Marion Gräfin Dönhoff
Of course, transparency regarding who takes on which tasks is a good thing. But effective teams manage this allocation in a self-organized way and adapt it on the fly according to needs and competencies. However, this requires a great deal of maturity on the part of the team and the people. And it requires a feeling of belonging together, responsibility for the common mission and, in particular, psychological safety. As a member of the community, I must be able to rely on that everyone cares for the whole and for the other members as deeply as I do. Only with the certainty that all others would do the same for me or for the common cause, I am ready to engage myself for the “we” over and above my selfish concerns.
With theory X and its negative conception of man as a basis, however, one moves one step further away from this ideal with every personalized responsibility. The coffee kitchen officer will never become a scout. On the contrary. He will selfishly take care of exactly what he is held responsible for. And if there is paper on the floor in the toilet next to the kitchen, he will not care. And then, of course, the toilet manager is needed, and so fate takes its course.

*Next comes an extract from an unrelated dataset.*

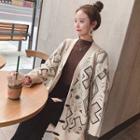 Printed Toggle Cardigan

As long as you need heroes or culprits to explain a situation convincingly, you haven’t understood it yet.
Gerhard Wohland
So instead of pushing this organized irresponsibility to its extreme with ever more refined, clearly defined roles with personalized responsibility, it is necessary to go to the root of the problem: the increasing individualization, the resulting lack of a sense of belonging, the absence of a jointly supported mission and, last but not least, the lack of psychological safety, without which lone fighters will not become a team.